Video shows the spinning rotors separating in midair from the fuselage.

This article originally appeared in New York magazine on April 11, 2025.

The tourist helicopter that crashed into the Hudson River on Thursday afternoon appears to have fallen victim to a well-known hazard known as “mast bumping,” according to aviation experts. Eyewitness video showed the rotors and the body of the helicopter separating in midair. The phenomenon is unique to helicopters with semi-rigid rotors, like the Bell 206L4 LongRanger that fell out of the sky while flying a family of Spanish tourists. The pilot, two adult passengers and three children were all killed.

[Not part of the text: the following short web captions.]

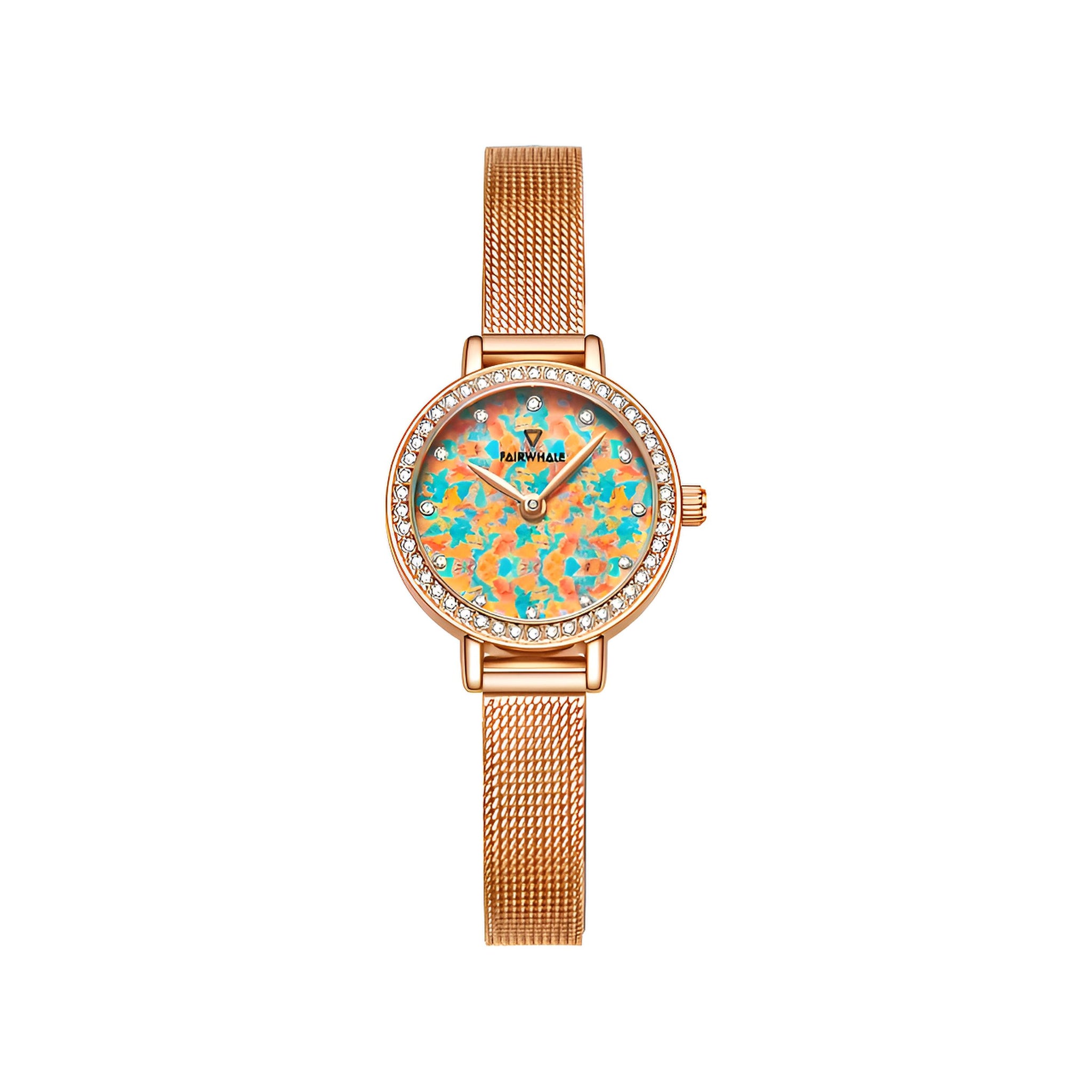 Mark Fairwhale CHROMA FW-3200 women’s watch with colorful opal dial and gold stainless steel bracelet.

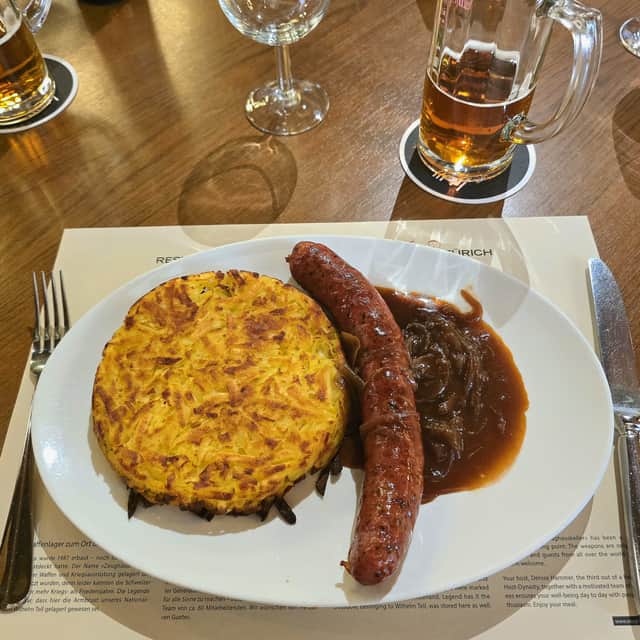 Traditional Swiss sausage and Rosti in Zurich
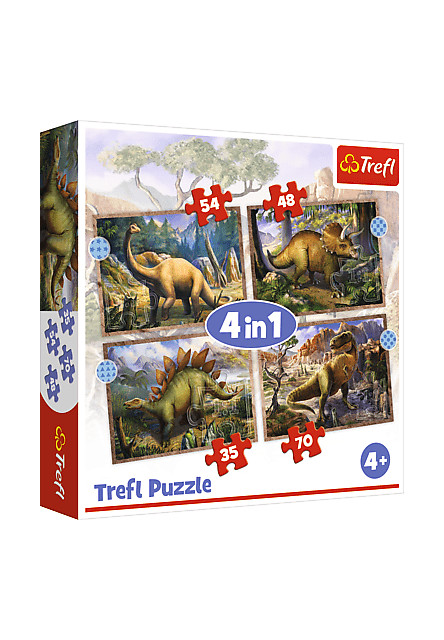 Trefl Puzzle 4v1 - Dinosaury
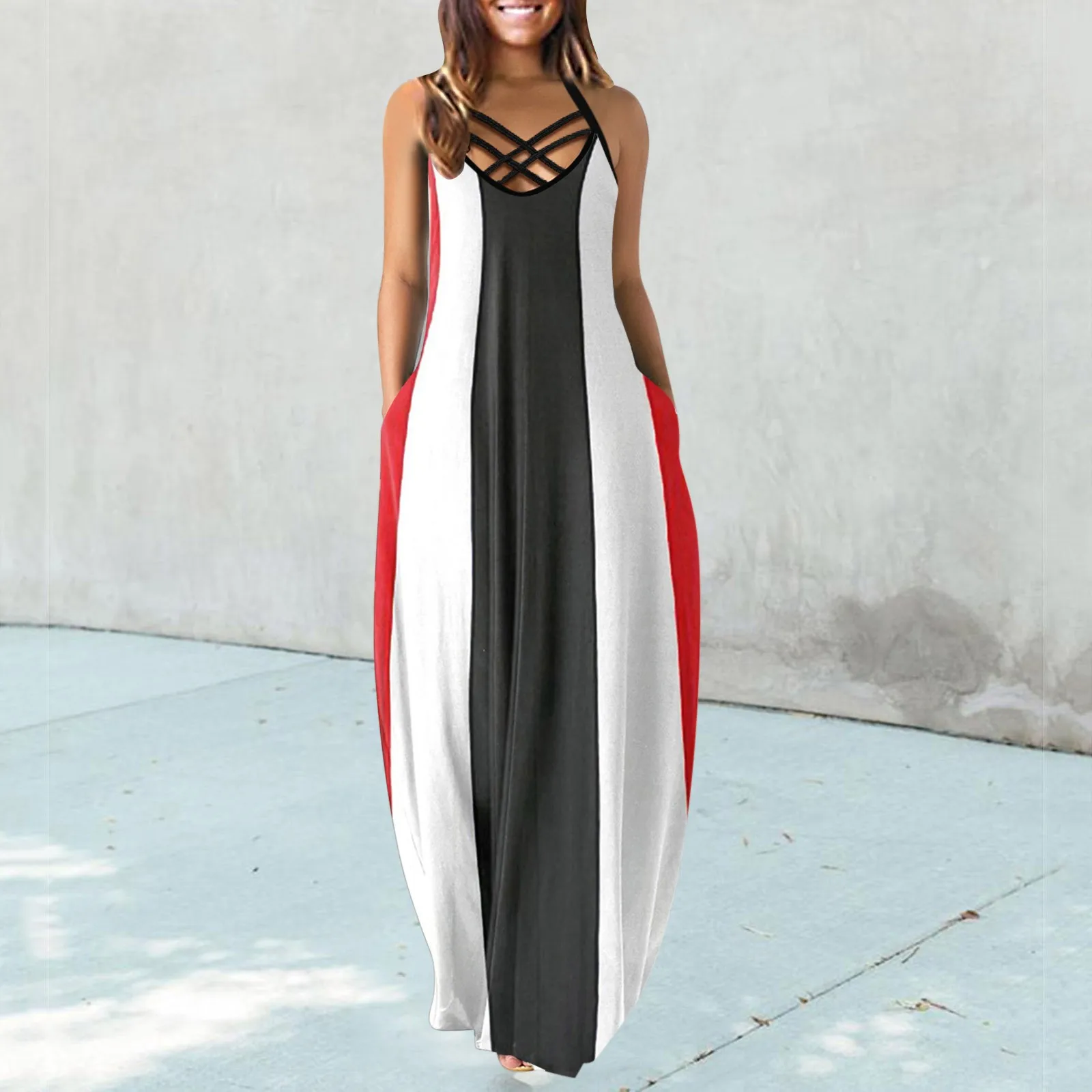 

Summer Fashion Striped Long Dress For Women O Neck Print Sleeveless Pocket Cross Strap Large Size Maxi Dresses Loose Robe Femme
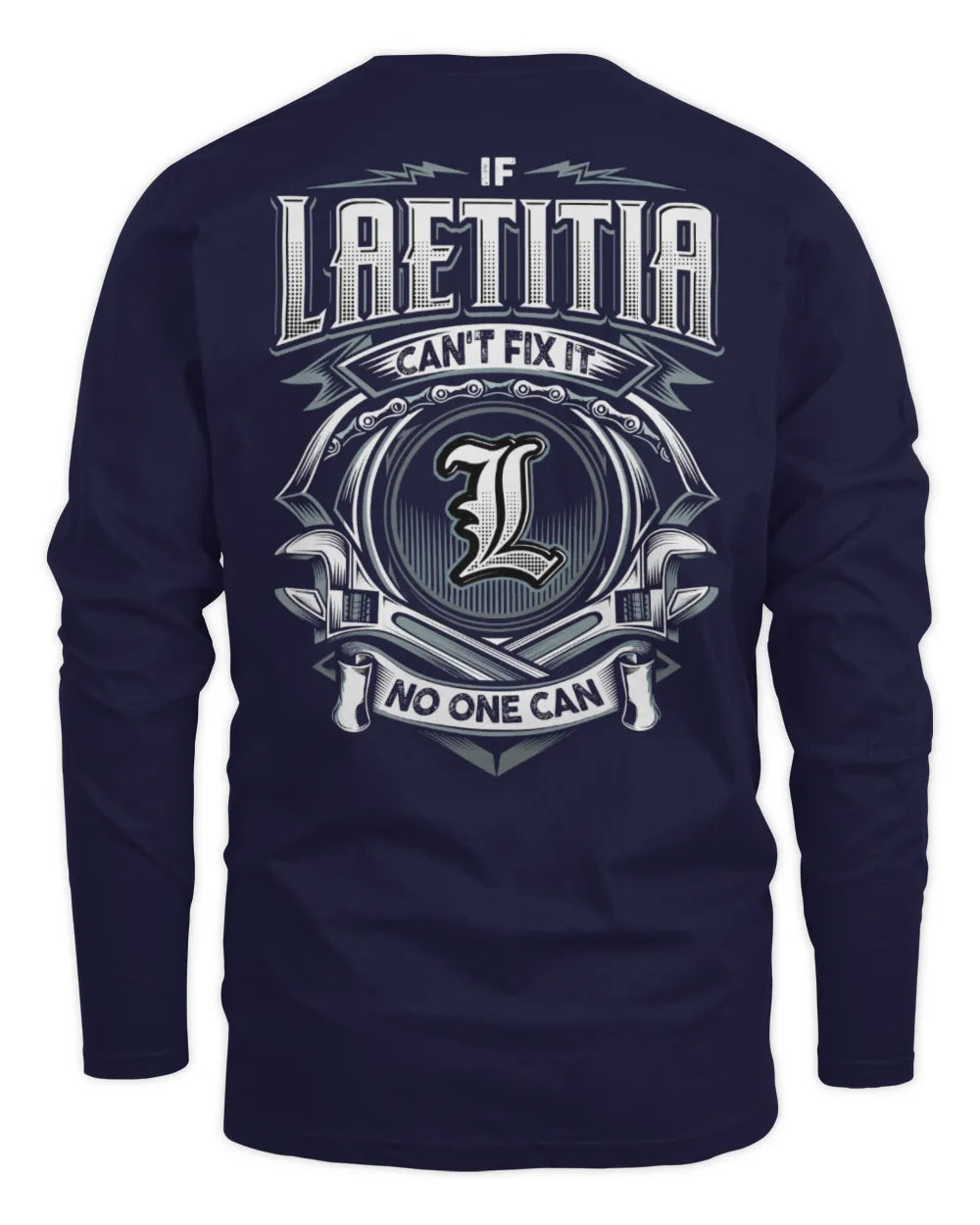 LAETITIA AP81-K4-626 - Personalized Ahmed Quote Apparel “If Ahmed Can't Fix It, No One Can” - Men's Long Sleeved T-Shirt - Navy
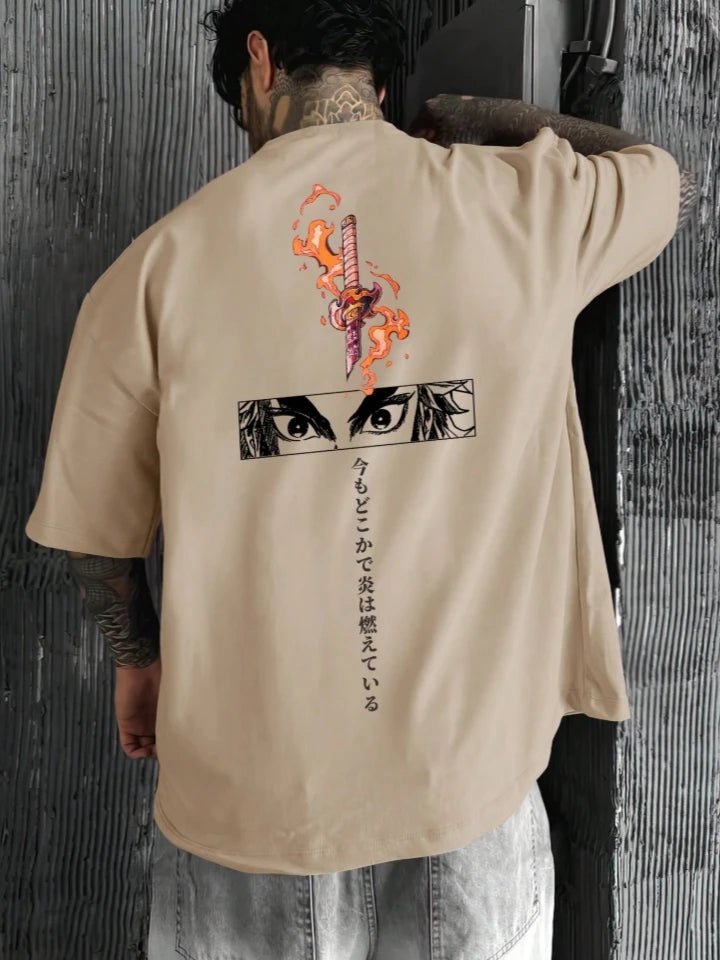 Demon Slayer Oversized Anime Tee – Y2K Graphic Print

The phenomenon of mast bumping arises from the physics of the rotor blades. Each helicopter blade is like a long, thin wing that generates lift as it carves through the air. Spinning at high speed, the blades form a whirring disk. The blades are attached to a hub that in turn is connected to a mast that projects vertically upward from the transmission. To visualize the relationship of the mast and the rotor hub, says Robert Joslin, a professor at Embry-Riddle Aeronautical University, in Daytona, Florida, “Think of a drinking cup upside down on the top of a broom handle. If you just move it back and forth a little bit, it won’t touch. But if you go real hard, the rim will hit the handle.” In the case of the helicopter, the hub is a fast-spinning hunk of metal that could bend the mast or break it altogether, severing the rotor and sending it flying.